Of 20 people invited to a pool party, 4 prefer vanilla ice cream, 7
prefer chocolate, and 3 prefer strawberry. The host surveys six of these
people at random to determine how much ice cream to buy.
a) What is the probability that at least 3 of the people surveyed prefer
chocolate ice cream?
b) What is the probability that none prefer vanilla ice cream?
c) What is the expected number of people who prefer strawberry ice
cream?
d) What is the expected number of people who do not have a
preference for any of the three flavours?
I got 0.353 but the answer says it 0.3359, why am I wrong?
You got 0.353 because of the decimals they were rounded up, so technically your answer is correct, if your teacher is decent than he would mark your answer right because its close enough.
To calculate the probabilities in this problem, we can use the concept of combinations.
a) To find the probability that at least 3 of the people surveyed prefer chocolate ice cream, we need to consider the different ways this can occur. Since there are 7 people who prefer chocolate, we can select 3, 4, 5, or 6 of them in the sample of 6 people.
To calculate the probability, we need to divide the favorable outcomes by the total possible outcomes. The favorable outcomes are the combinations of selecting 3, 4, 5, or 6 people who prefer chocolate from the total number of people who prefer chocolate (7). The total possible outcomes are the combinations of selecting any 6 people from the total number of people invited (20).
The probability can be calculated as follows:
P(at least 3 people prefer chocolate) = (C(3,7) + C(4,7) + C(5,7) + C(6,7)) / C(6,20)
Using a calculator, we can find:
P(at least 3 people prefer chocolate) = (35 + 35 + 21 + 7) / 38,760
P(at least 3 people prefer chocolate) = 98 / 38,760
P(at least 3 people prefer chocolate) ≈ 0.002527
Therefore, the probability that at least 3 of the people surveyed prefer chocolate ice cream is approximately 0.002527, not 0.353.
Now let's move on to part b), c), and d):
b) To find the probability that none of the people surveyed prefer vanilla ice cream, we need to select 6 people who prefer flavors other than vanilla from the total number of people who do not prefer vanilla (20 - 4 = 16).
P(none prefer vanilla ice cream) = C(6,16) / C(6,20)

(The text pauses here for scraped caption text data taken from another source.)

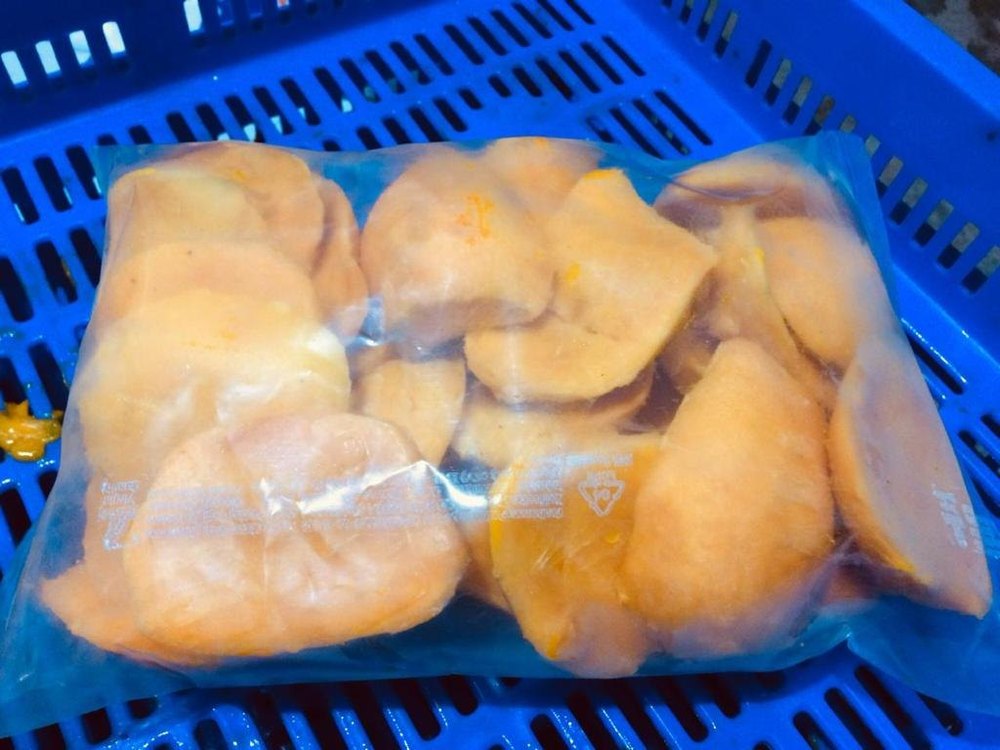 Alphonso Mango Slices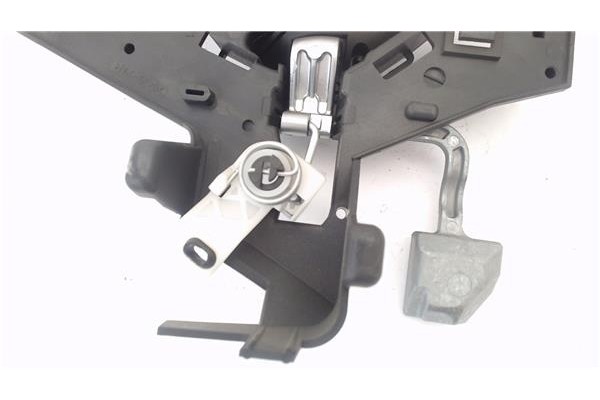 Recambio de manilla int. puerta delantero derecha para citroen c5 berlina 2.0 hdi referencia OEM IAM 9649218377  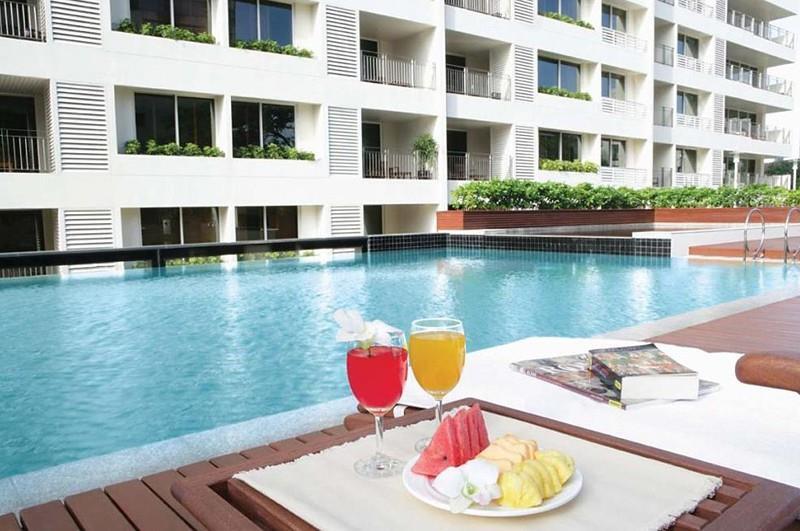 Centre Point Serviced Thong Lo 4* Bangkok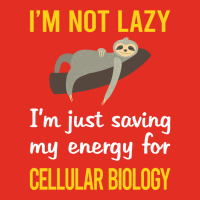 Funny Lazy Cellular Biology 70s Graphic T-shirt | Artistshot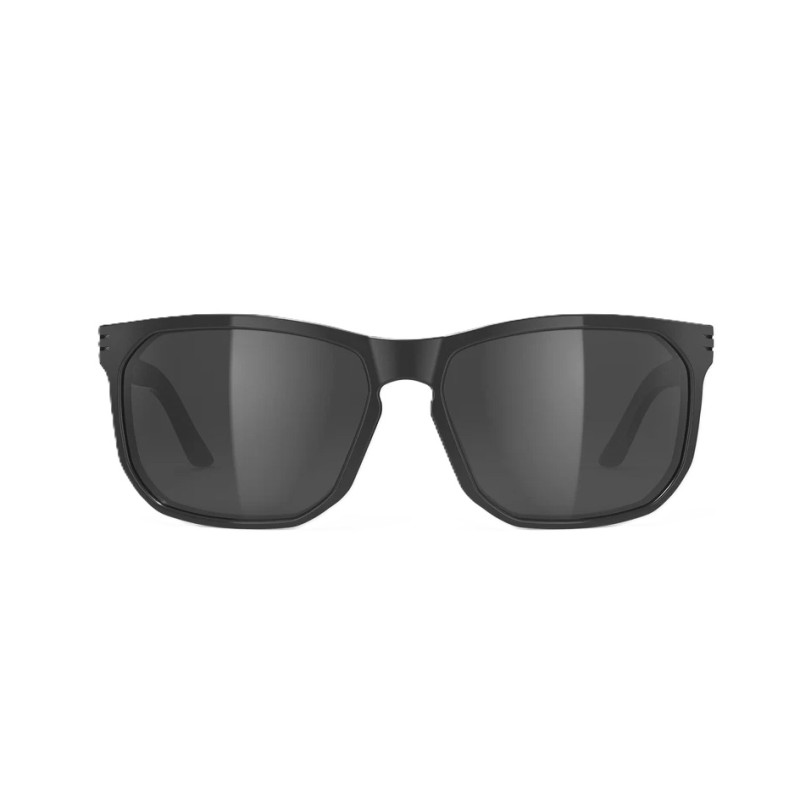 Сонцезахисні окуляри RUDY PROJECT Soundrise Black Gloss, SP131042-0000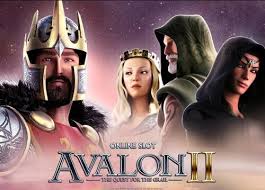 Petualangan Epik di Avalon II: Dunia Fantasi Slot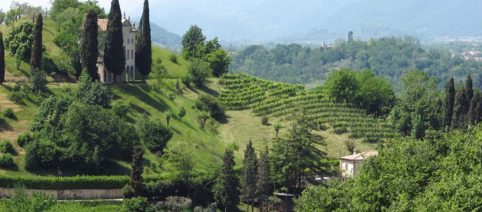 Asolo ospita la Giornata dei Colli Veneti: quinta edizione in autunno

Using a calculator, we can find:
P(none prefer vanilla ice cream) = 8008 / 38,760
P(none prefer vanilla ice cream) ≈ 0.20632
Therefore, the probability that none of the people surveyed prefer vanilla ice cream is approximately 0.20632.
c) To find the expected number of people who prefer strawberry ice cream, we can multiply the probability of an individual preferring strawberry ice cream (3 out of 20) by the number of people in the sample (6).
Expected number of people who prefer strawberry ice cream = 3/20 * 6
Expected number of people who prefer strawberry ice cream = 0.3
Therefore, the expected number of people who prefer strawberry ice cream is 0.3.
d) To find the expected number of people who do not have a preference for any of the three flavors, we subtract the expected number of people who prefer vanilla, chocolate, or strawberry from the total number of people in the sample (6).
Expected number of people who do not have a preference = 6 - (4/20 * 6 + 7/20 * 6 + 3/20 * 6) = 6 - (1.2 + 2.1 + 0.9) = 6 - 4.2 = 1.8
Therefore, the expected number of people who do not have a preference for any of the three flavors is 1.8.
It seems that your answer for part a) is incorrect, and the probability should be much smaller than 0.353. Check your calculations and ensure you calculate the combinations correctly.